# Hitachi Problem



## TXMichelle (Feb 21, 2008)

Sorry I don't have the model number right now, but will post it later if necessary.

We bought this TV in 2006 and it's a rear projection. First thing the light engine went out or was bad.

Current problem is very frustrating and our Circuit City Tech seems unable to fix the problem.

About 6 months ago, every time you turn the TV on, it has a purple haze to the whole screen. Tech came out....wiggled the HDMI cable and it was fixed.

Next day, same problem. Every time we have the TV turned off for a period of time, you have to unplug and replug the HDMI cable.

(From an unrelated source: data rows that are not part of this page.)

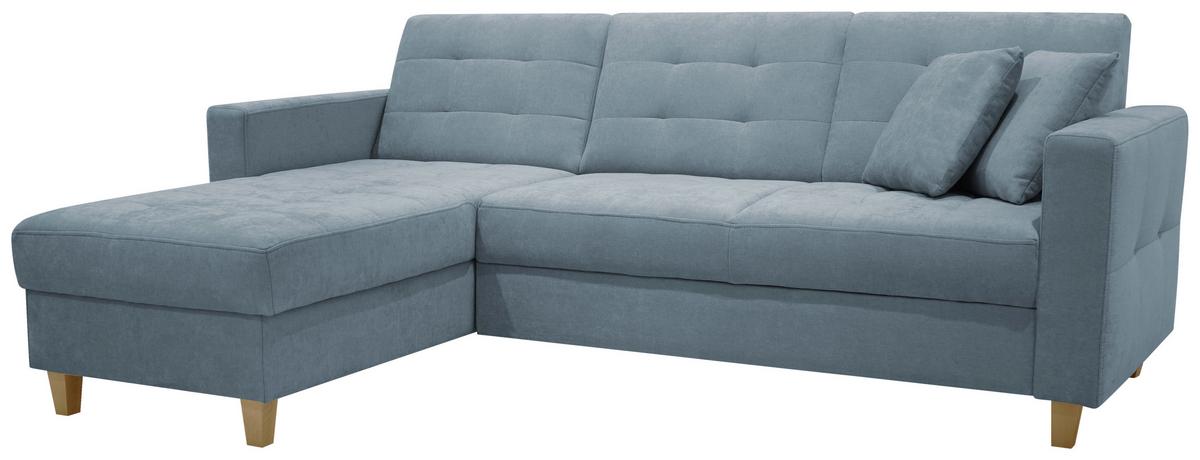 Rohová sedačka BJORN, obojstranná, sivomodrá ženilka - sivomodrá/prírodná farba, Design, drevo/textil (160/231cm) - Luca Bessoni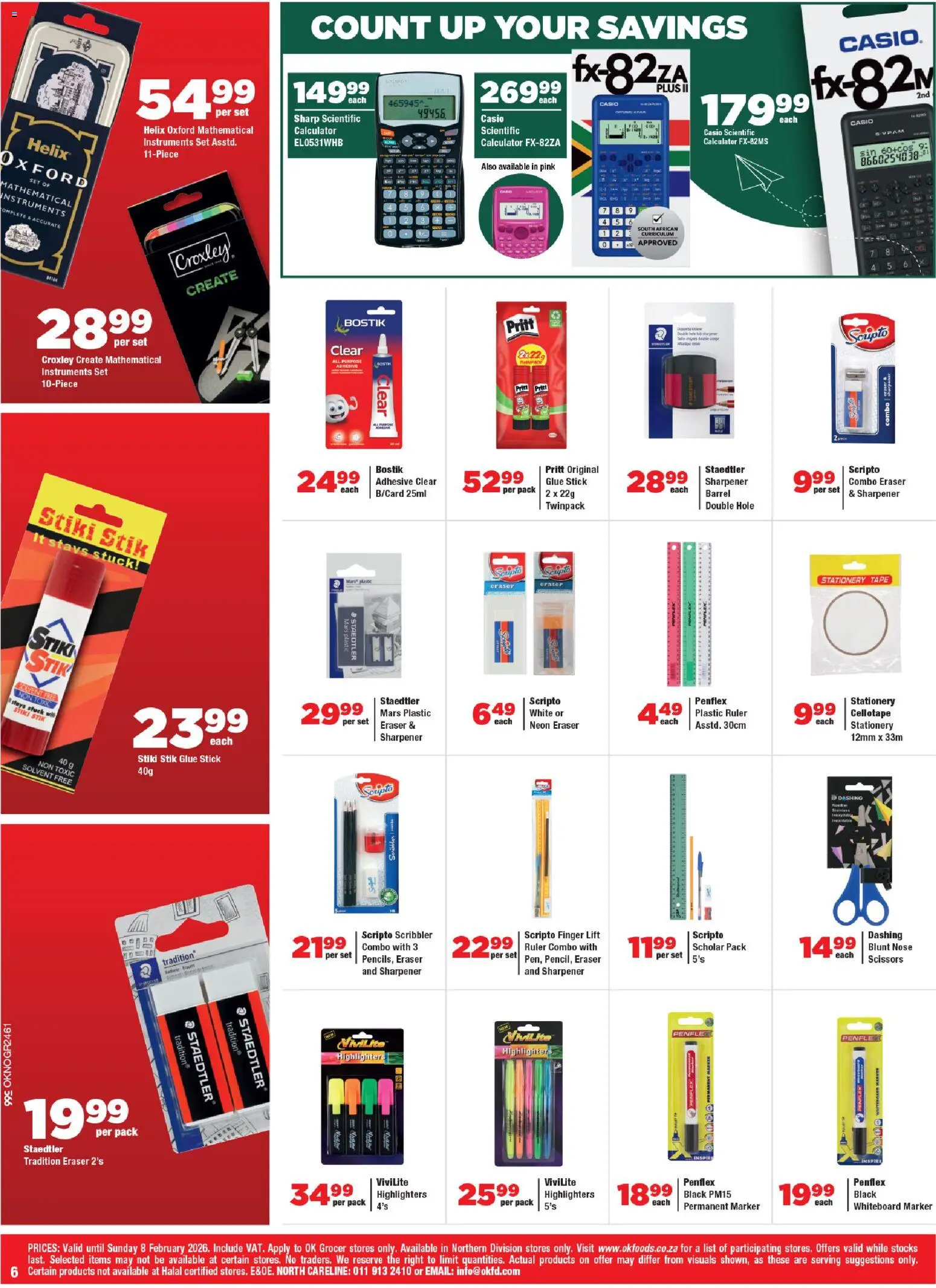 New OK Foods catalogue – valid from 21.01.2026 | Page: 6 | Products: Calculator, Adhesive, Tape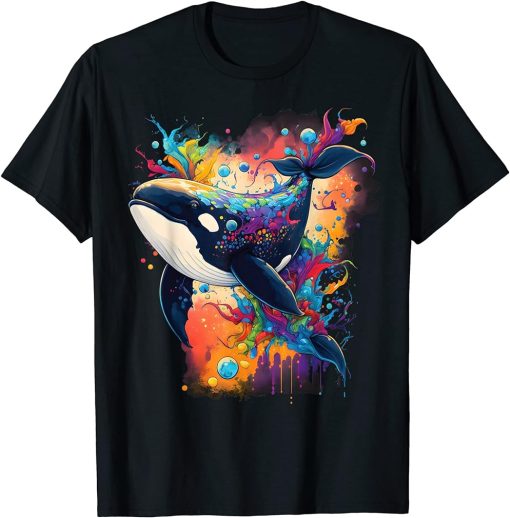 Colourful mystical orca whale watching dolphin pottwhale orca whale T-Shirt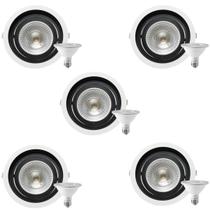 5 Spot Embutir Redondo Recuo PAR30 + Lâmpada LED 10W 6500K E27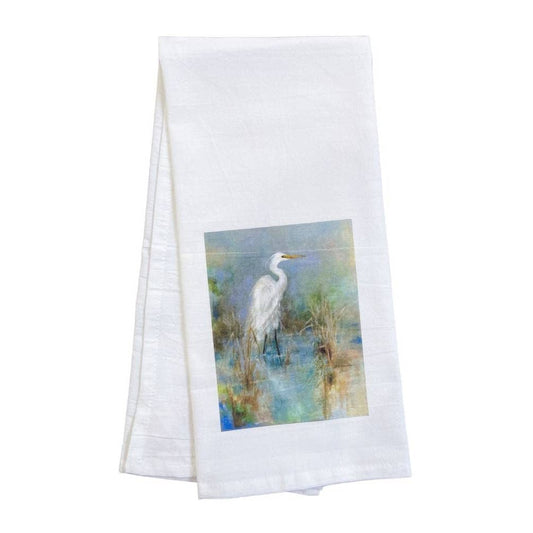 Great White Egret Kitchen Towel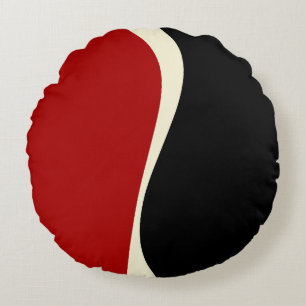 Simple Waves 2 in Red and Cream Round Cushion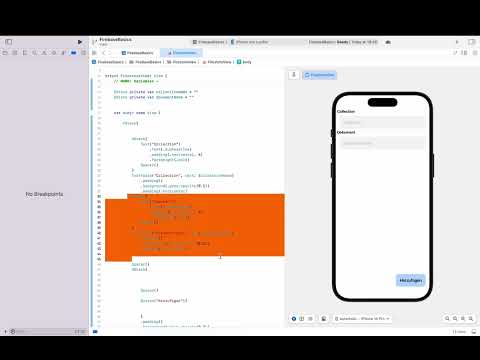 Firebase Firestore Tutorial: Collection mit SwiftUI hinzufügen in Xcode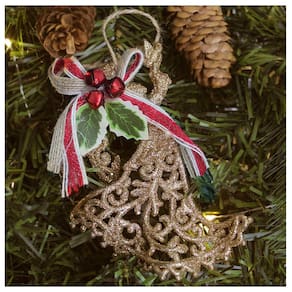 Kit 6 Enfeite Pendente Árvore Natal Anjo Dourado 12,5cm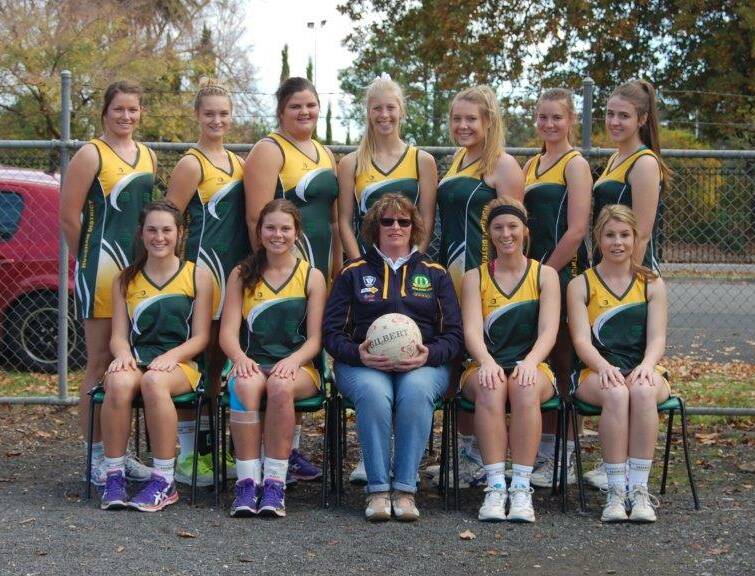 17 AND UNDER: The winning Horsham team. From back left, Stevie Bibby, Mikayla McAuliffe, Kirby Knight, Emily Langley, Alex Lang, Amelia Scott and Mairead Bush; front, Taryn Wynd, Baylee Miller, coach Sue Anson, Keziah Freeman and Brodi Winton. 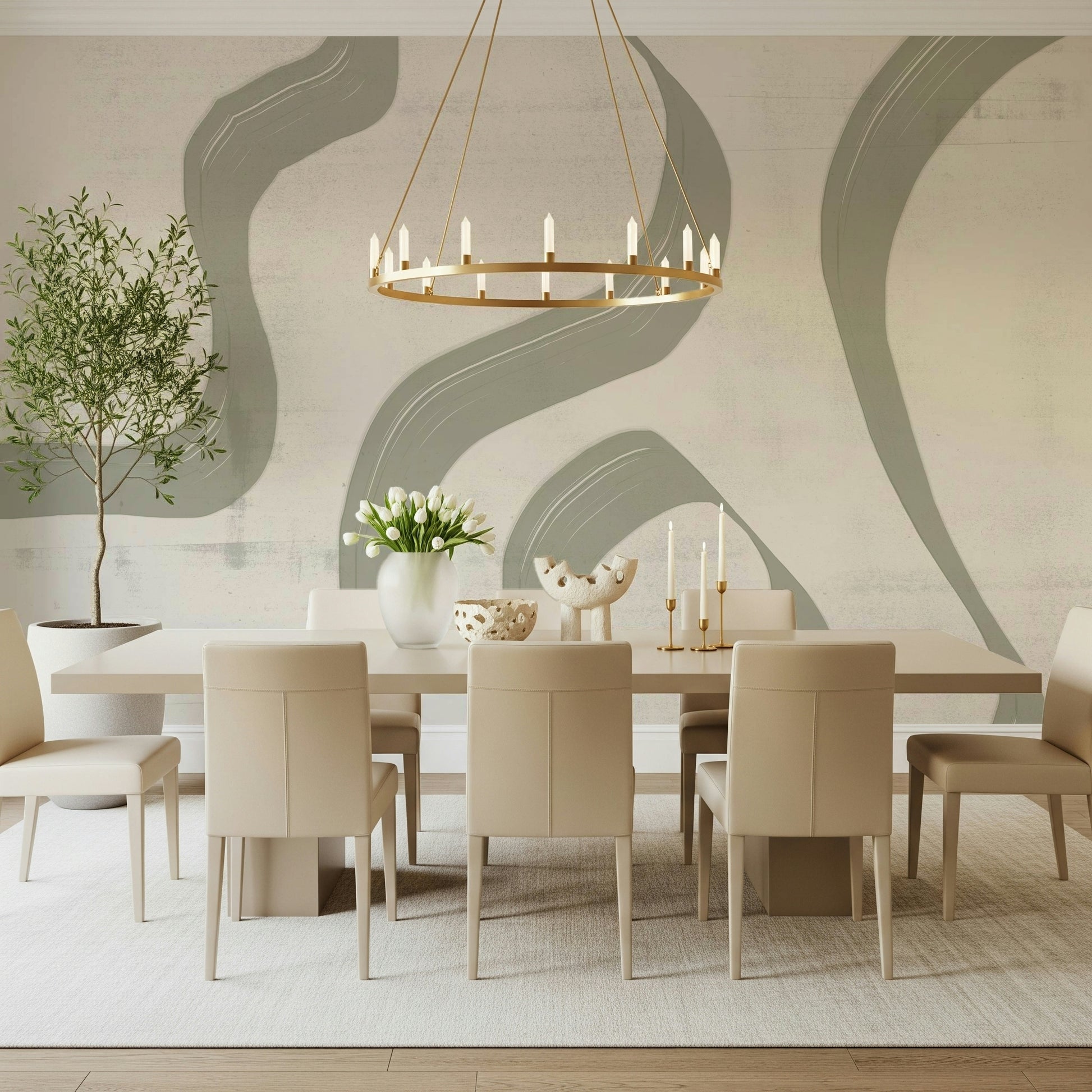 A beautiful abstract brushstroke wallpaper mural in soft sage green.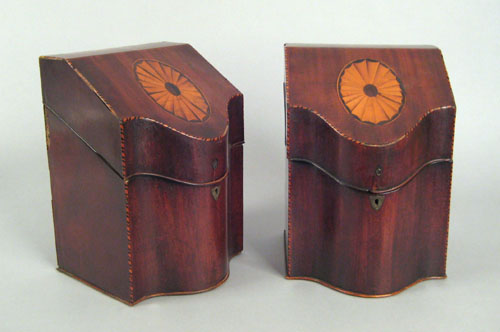 Appraisal: Pair of George III mahogany knife boxes ca each with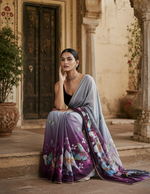 Load image into Gallery viewer, Georgette Printed Saree With Unstitched Blouse(Purple)
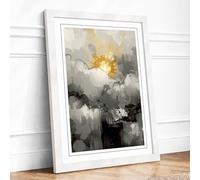 Urban Inferno Industrial Framed Wall Art Print A1 (84.1×59.4cm) White, Wall Decor for Living Room, Bedroom, Office & Home, Ready to Hang, Art Gift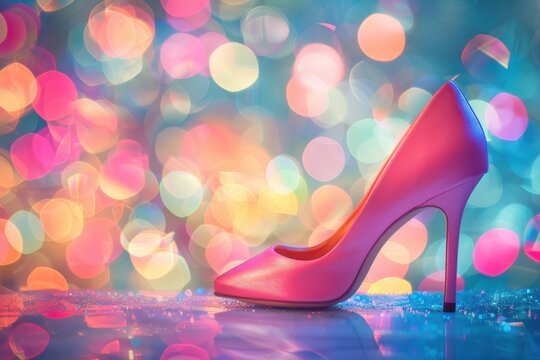 Pink high heels on colorful background with light spots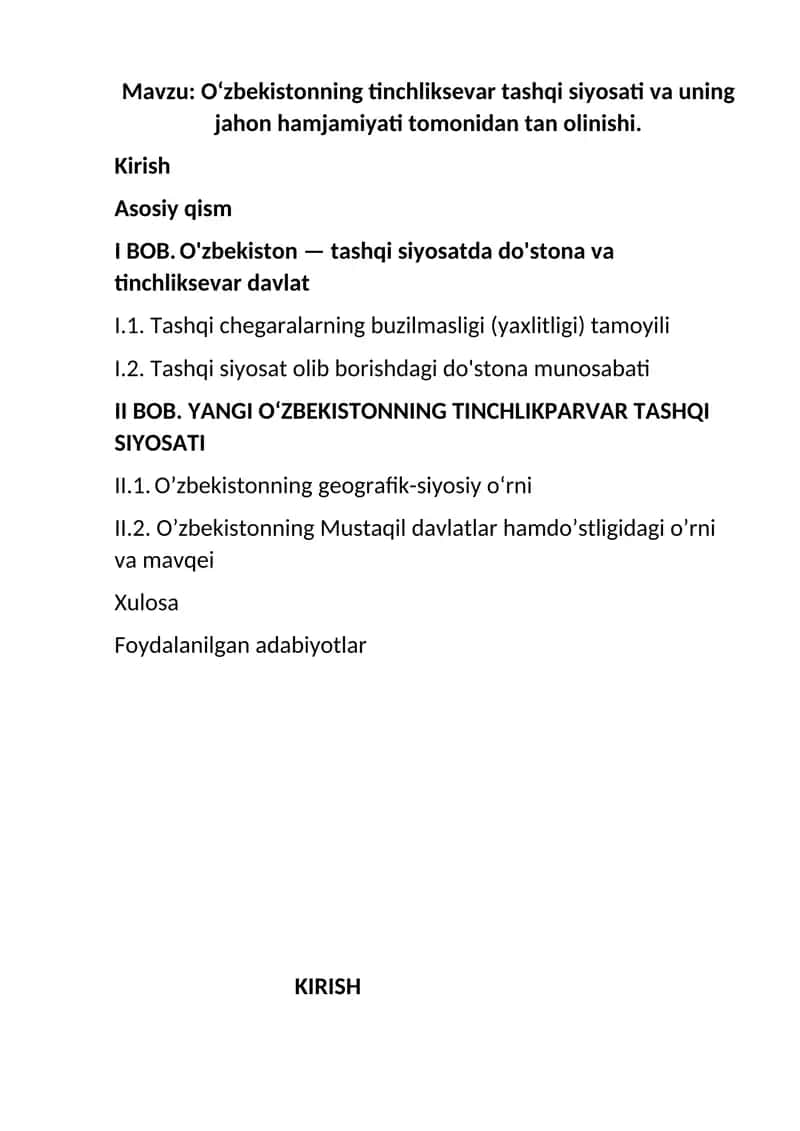 Oʻzbekistonning tinchliksevar tashqi siyosati va uning jahon hamjamiyati tomonidan tan olinishi. 1
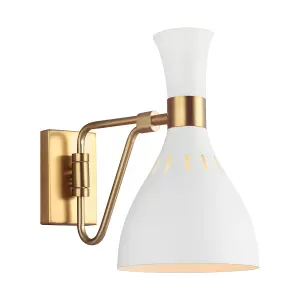 Wall Light Sconce Matte White / Burnished Brass LED E27 60W Bulb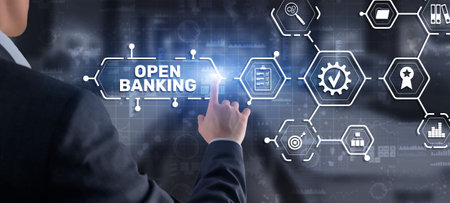 Open Banking Online Finance Concept. Man clicks on a virtual screen inscriptionの写真素材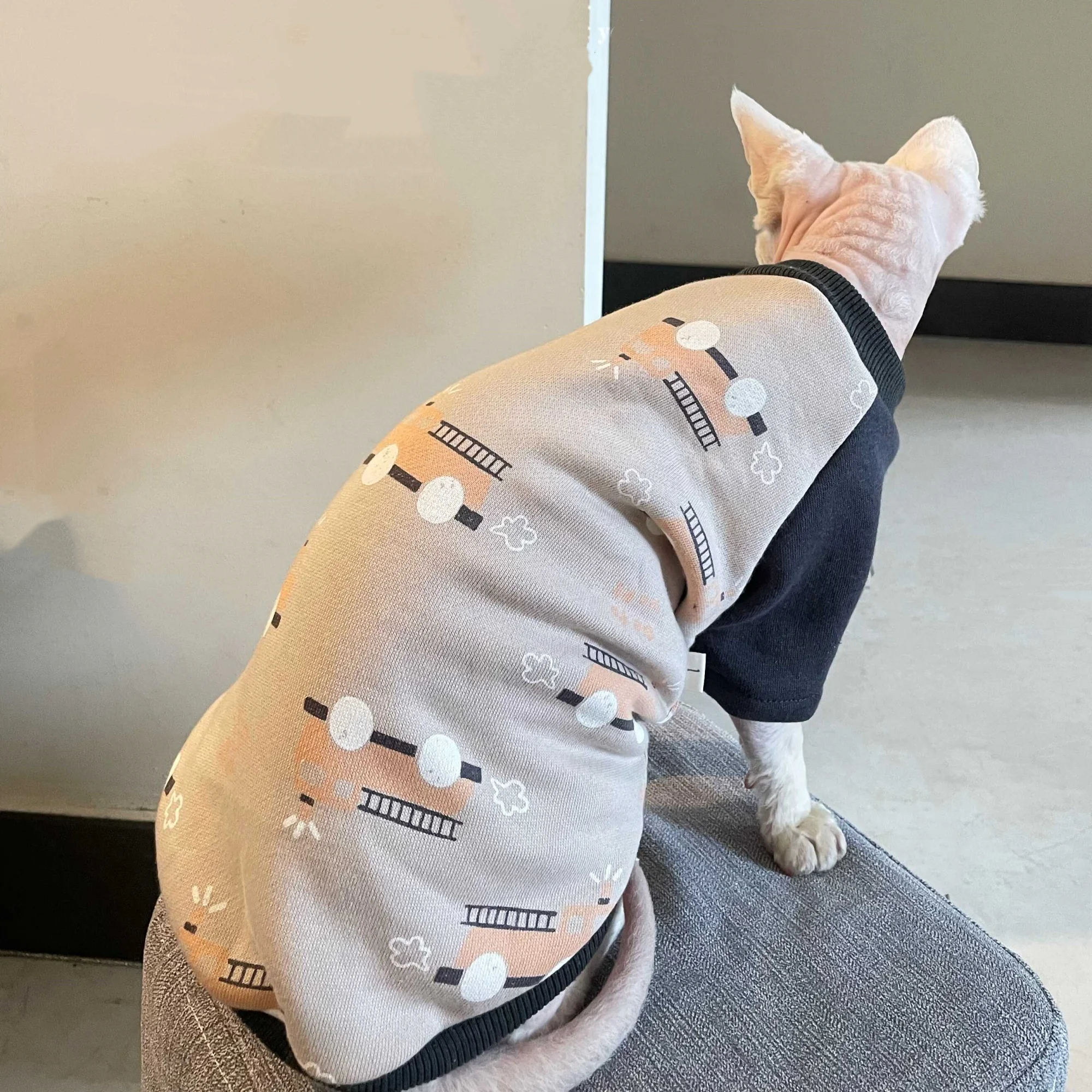 Sudadera polar gris con coches para gatos Sphynx y Devon Rex - imagen 4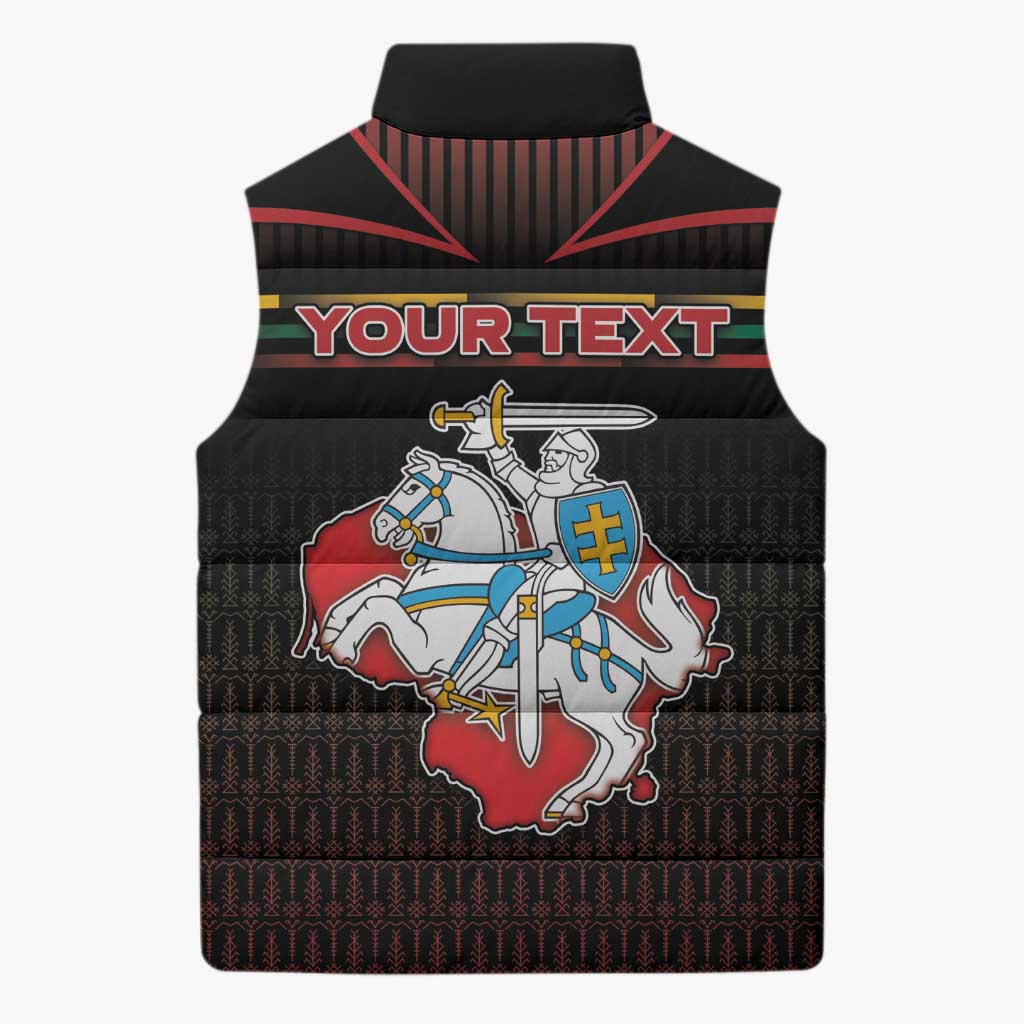 Personalized Lithuania Sleeveless Puffer Jacket Knight In Armor With Map - Wonder Print Shop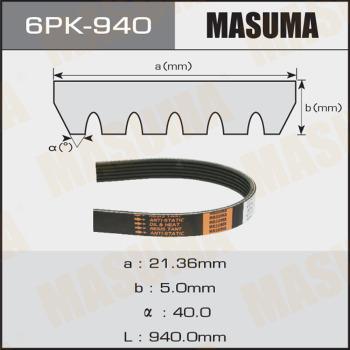 MASUMA 6PK-940 - Поликлиновой ремень www.autospares.lv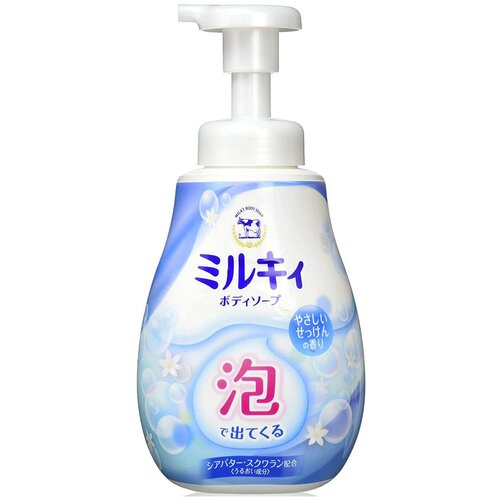 Мыло-пенка для тела Milky Foam Gentle Soap бархатное увлажняющее с нежным ароматом цветочного мыла Cow Brand 600мл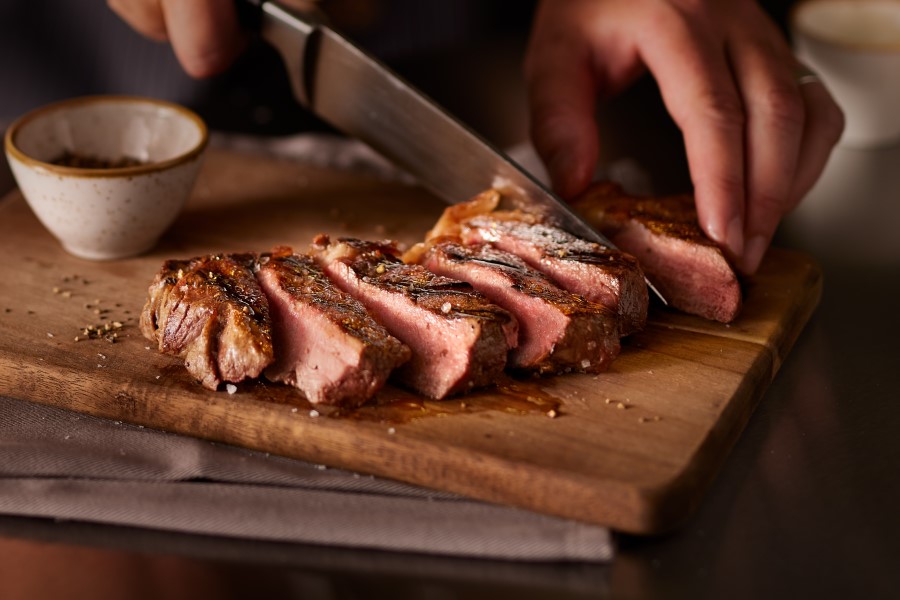 steak being cut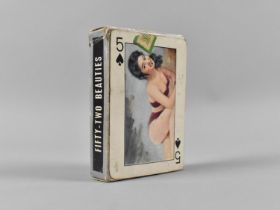 A Pack of Mid 20th Century Chinese Playing Cards Decorated with Risque Bathing Belles, Complete with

He has updated the software and replaced and huge part that cosisted of a circuit board and all sorts of other components.....we replaced the HDMI cable and switched out the Verizon FIOS DVR. 

Problem is still there.

Any ideas??

Thanks.


----------



## yustr (Sep 27, 2004)

First of all, welcome to TSF. We're glad you found the best place on the web...:wave:

If its under warranty from the factory - call Hitachi directly. 

If you're on the CC extended warranty - look to see if there's a lemon clause in the policy. Then keep calling them back until you can employ that clause. Make sure to get a copy of each service order. It won't get your TV fixed but it might get you a new one.


----------